Although the island is less densely populated than some of its neighbours, St Lucia has a pretty well-developed tourist industry which is about to take off big time, kick-started by the 2007 Cricket World Cup, when England's 10,000-strong Barmy Army of travelling fans will descend on St Lucia for sun, sand, rum, reggae and the occasional thwack of leather on willow.

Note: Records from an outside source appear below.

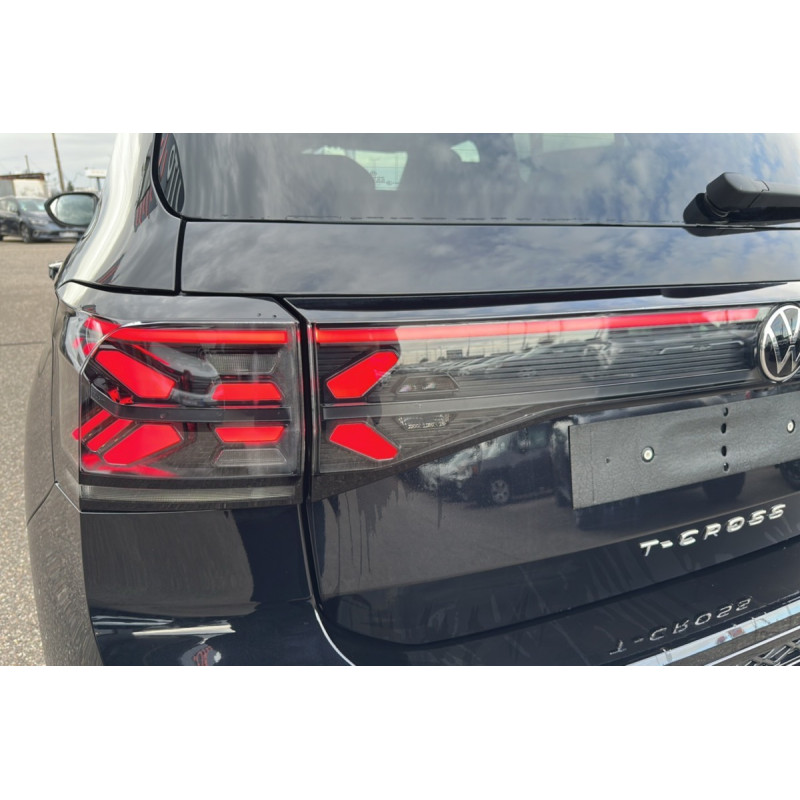 VOLKSWAGEN T-CROSS TSI 116 DSG7 R-LINE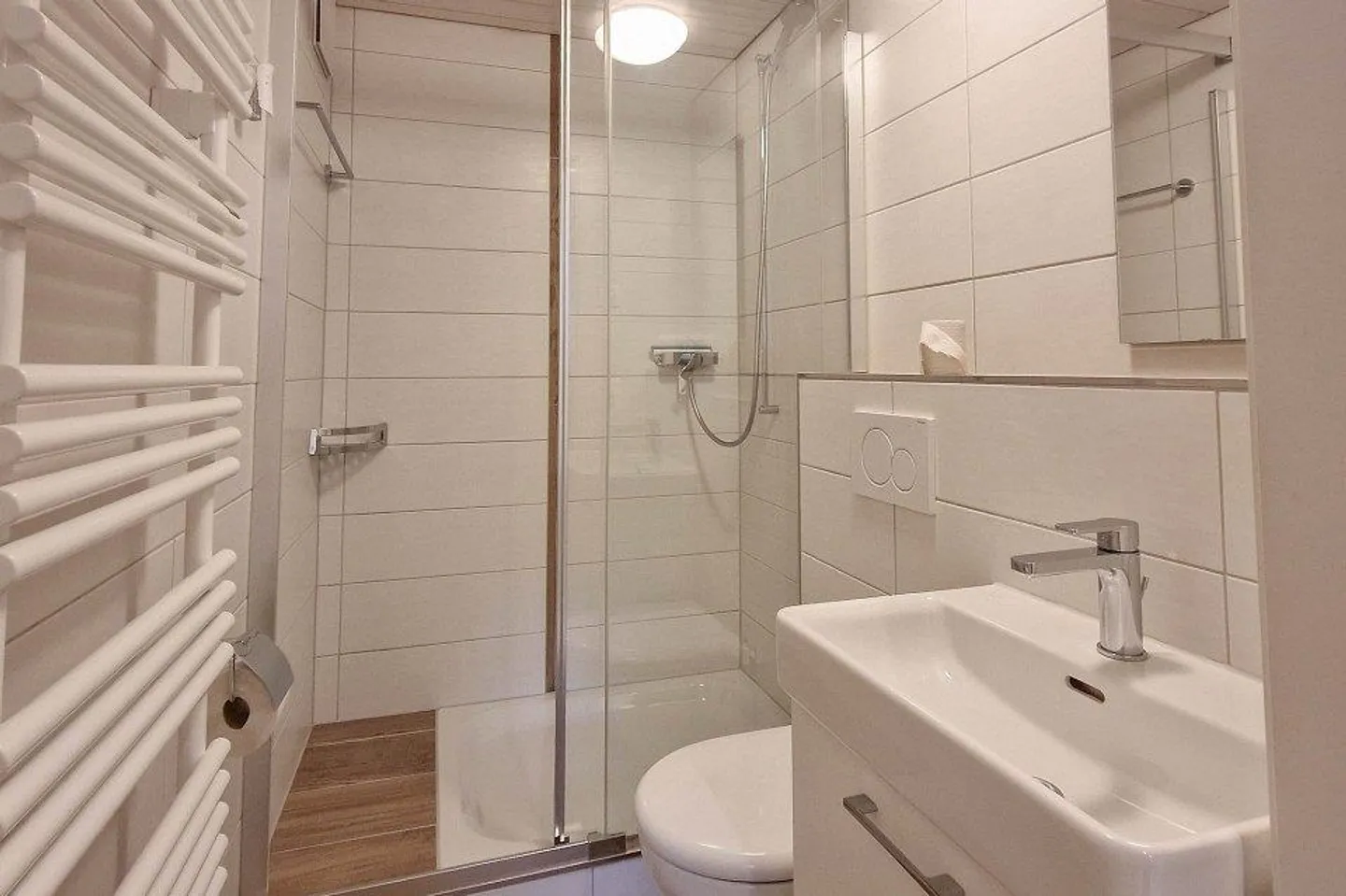 Cozy 2.5 Room Apartment in the Old Village Center - Photo 6 of 11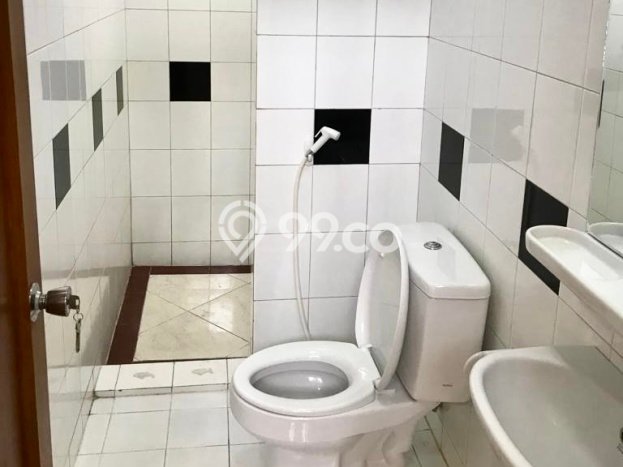 Rumah sewa siap huni 4 KT di Pondok Indah, Jakarta Selatan Rumah sewa siap huni 4 KT di Pondok Indah, Jakarta Selatan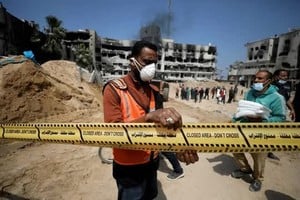 Gaza: un hombre aísla el área mientras los rescatistas y médicos buscan cadáveres dentro del dañado Hospital Al Shifa. Dawoud Abu Alkjas / Reuters 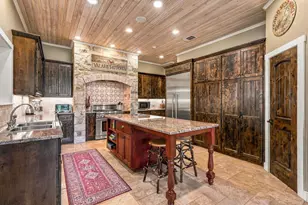 327 S Stag Trail, Fredericksburg, TX 78624 - Photo 10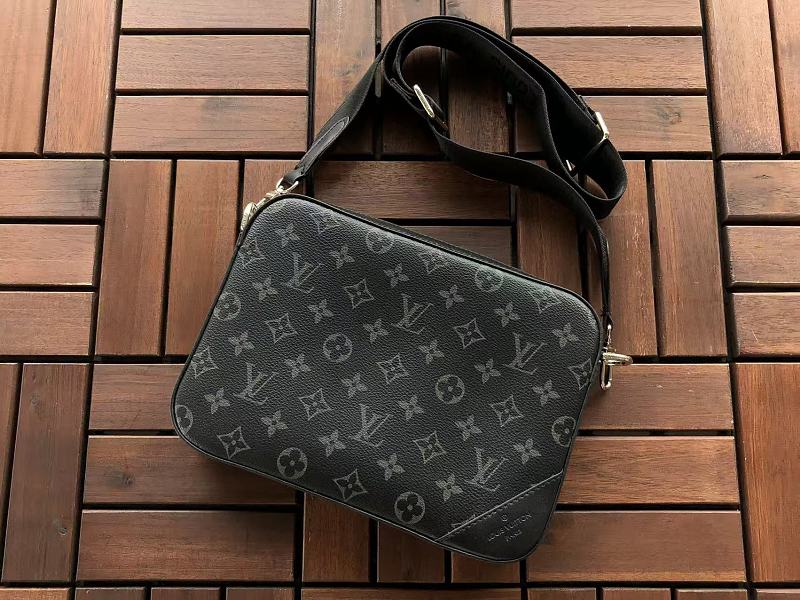 L Bag · 4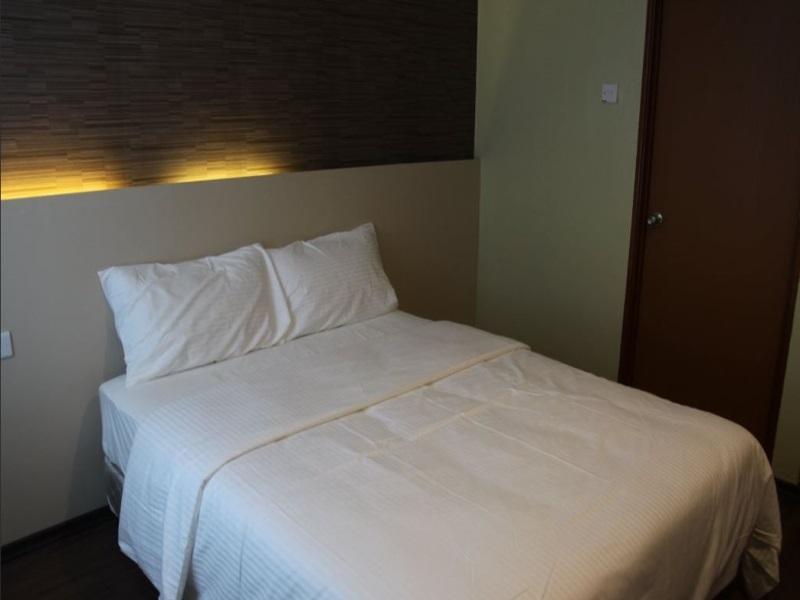 ג'והור בהרו D'Pinetrees Hotel מראה חיצוני תמונה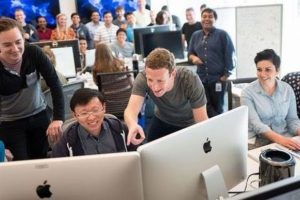 Facebook &ccedil;alışanları ne kadar maaş alıyor?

Developers have glimpsed a real window of opportunity and, with the St Lucia government offering selected tax breaks, have been building everything from traditional beachside villas to exotic boutique hotels tucked away in some of the island's many secluded beauty spots, such as Calabash Cove, pictured on the cover.

If, as seems increasingly likely, Barbados starts to succumb to development fatigue, St Lucia is ready to slug it out with Antigua for the tag of Best of the Rest among British holidaymakers and second-home owners.

Not all of the development is sympathetic. There are one or two lurid eyesores, particularly in the popular Rodney Bay area.

And watch out for slick promotional brochures featuring virgin-sand beach scenes photographed hundreds of miles from St Lucia. But there is good stuff on the market and, if you love the Caribbean, with its lazy, unkempt charm, you can hardly fail to warm to St Lucia, which has all those qualities and more.

One of the most striking things about the island is how quickly it seems to be moving upmarket despite recent publicity about the violence on the island. In the Nineties, St Lucia was pretty much associated with three-star hotels and apartments: pleasant bolt-holes, but nothing flash.

Now it is the top end of the market where there is the greatest activity, with a raft of tempting part-ownership options for people who want to spend a few weeks a year in St Lucia, then earn rental income the rest of the time.

When I first visited St Lucia, in 1992, it was still what it had been for years: an island dominated, economically, by its banana industry.

Bulging banana boats plied the route from the Caribbean to Britain. Now you are likely to see the banana groves hacked down to make room for Greg Norman-designed golf courses or state-of-the-art spas. The villas at the Jalousie Plantation, on the west coast, are typical of the new-look St Lucia.

Situated between the twin peaks of the famous Pitons, one of the most breath-taking views in the whole Caribbean, the renovated villas are furnished to the highest standards and, thanks to a mandatory "rental pool agreement", offer outstanding investment potential as well as a dreamy setting for an away-from-it-all tropical holiday.

The basic deal is that you purchase a villa - prices start at £270,000 - which you are then entitled to occupy for a minimum of four weeks in any 12-month period.

The rest of the time it is let, with a predicted return on investment (ROI) of between six and seven per cent based on 80 per cent occupancy.

The bottom-line arithmetic is certainly compelling enough to have tempted David and Jane Purchase, from Oxfordshire, to take the plunge. Although they are widely travelled, it is the first time they have invested in property outside the UK. But St Lucia seemed to tick most of the right boxes.

"The island has a common law system, which simplifies property-buying, and is also stable politically," says David, a media consultant. "We checked out Jamaica, but were not sure it had the same degree of stability. The closeness of the Caribbean to America is also important if you want to maximise your rental income."

At Jalousie, where they have bought a villa off-plan for £295,000, it was the fact that the villas were being re-designed by the renowned architect Lane Pettifer that proved one of the clinchers.

"He knows how to use high-quality local materials to create an authentic Caribbean feel. How much time will we spend at Jalousie ourselves? I am not sure. We have bought the villa mainly as an investment but it can't be bad having a World Heritage Site like the Pitons on your doorstep, can it? It is one of the most stunning locations I have seen anywhere."